It's hard to say what's the greater pleasure, watching winter squash ripen on the vine or watching zucchini wither away. Forward-looking gardeners may have already pulled out overly prolific summer squashes and filled the space with cool-season crops — broccoli and beets, cabbage and carrots, greens for salads and stir-fry, peas, cauliflower, turnips. The list goes on.
September becomes a turning point in a gardener's life as we wrap up preserving summer's bounty and anticipate late harvests. There are still a few veggies along with apples and some pears for storing, drying or canning, but the main focus is on facing the new season.
When space seems too limited for a wide variety of cool-season crops, consider the option of pulling out a tomato vine or two besides a zucchini.

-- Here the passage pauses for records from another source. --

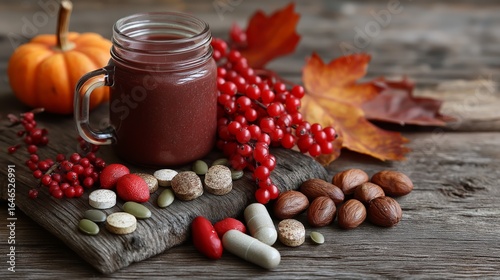 mix berries juice with red berries branch, and autumn foliage , vitamin pills on wooden table , seasonal health care concept 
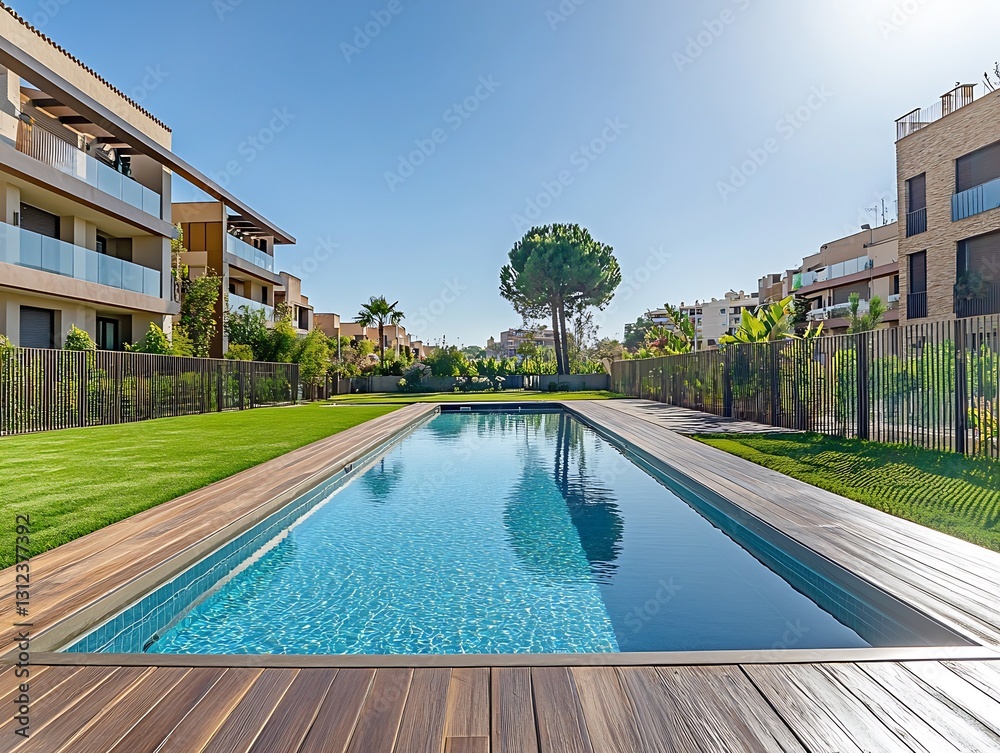 Poster Stylish Pool with Natural Wooden Deck Set Against a Backdrop of Modern Architecture : Generative AI
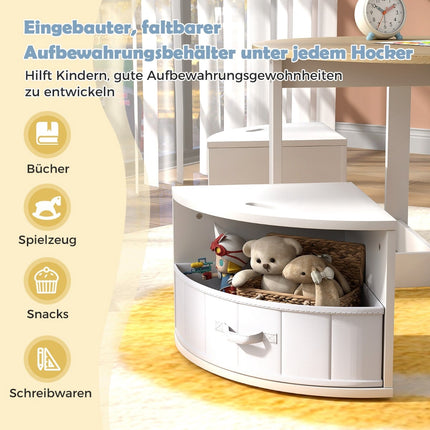 Kinder-Rundtisch-Set mit 4 Hockern mit Stauraum, Holz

Leave your favorite heirlooms that often come into full production this late in the season, but ask yourself how many tomatoes you will realistically use and whether the space they're filling might better be planted with late fall and winter crops, many of which will continue to feed you until spring.

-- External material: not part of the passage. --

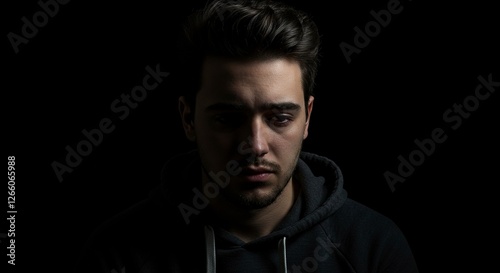 Man in Hooded Sweatshirt Expressing Sadness in Low Key Lighting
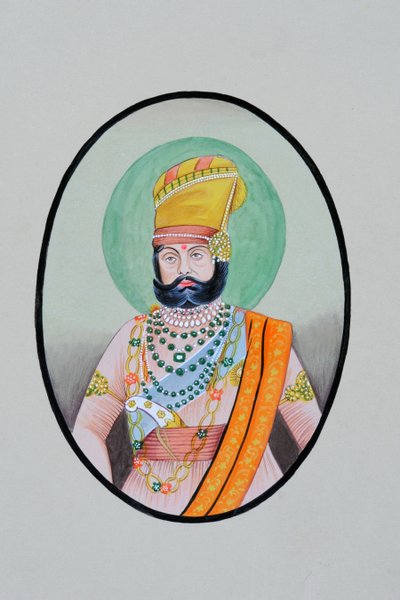 Maharaja Jaswant Singh Jodhpurin miniatyyri Pantingista tekijältä School Indian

In most gardens, winter squash should be left alone for a few weeks yet. They grow much as pumpkins do but develop more slowly as they form harder skins and aren't fully ripe for another few weeks in most of our microclimate zones.
There are exceptions, of course. Gardeners in hot interior valleys that warm up earlier in spring are able to plant before ground in the rest of the North Coast is ready for summer crops. In these warmer areas, hard-skinned squashes may have already matured.
Ridged acorn types, orangish tan butternut, and yellow spaghetti squash are often ready before Hubbard and turban-types.
Ready for harvest
Winter squashes are among the most colorful vegetables to grace our tables and gardens, but their rich color is only one sign of ripeness. Rinds should be hard enough to resist a nick with a fingernail.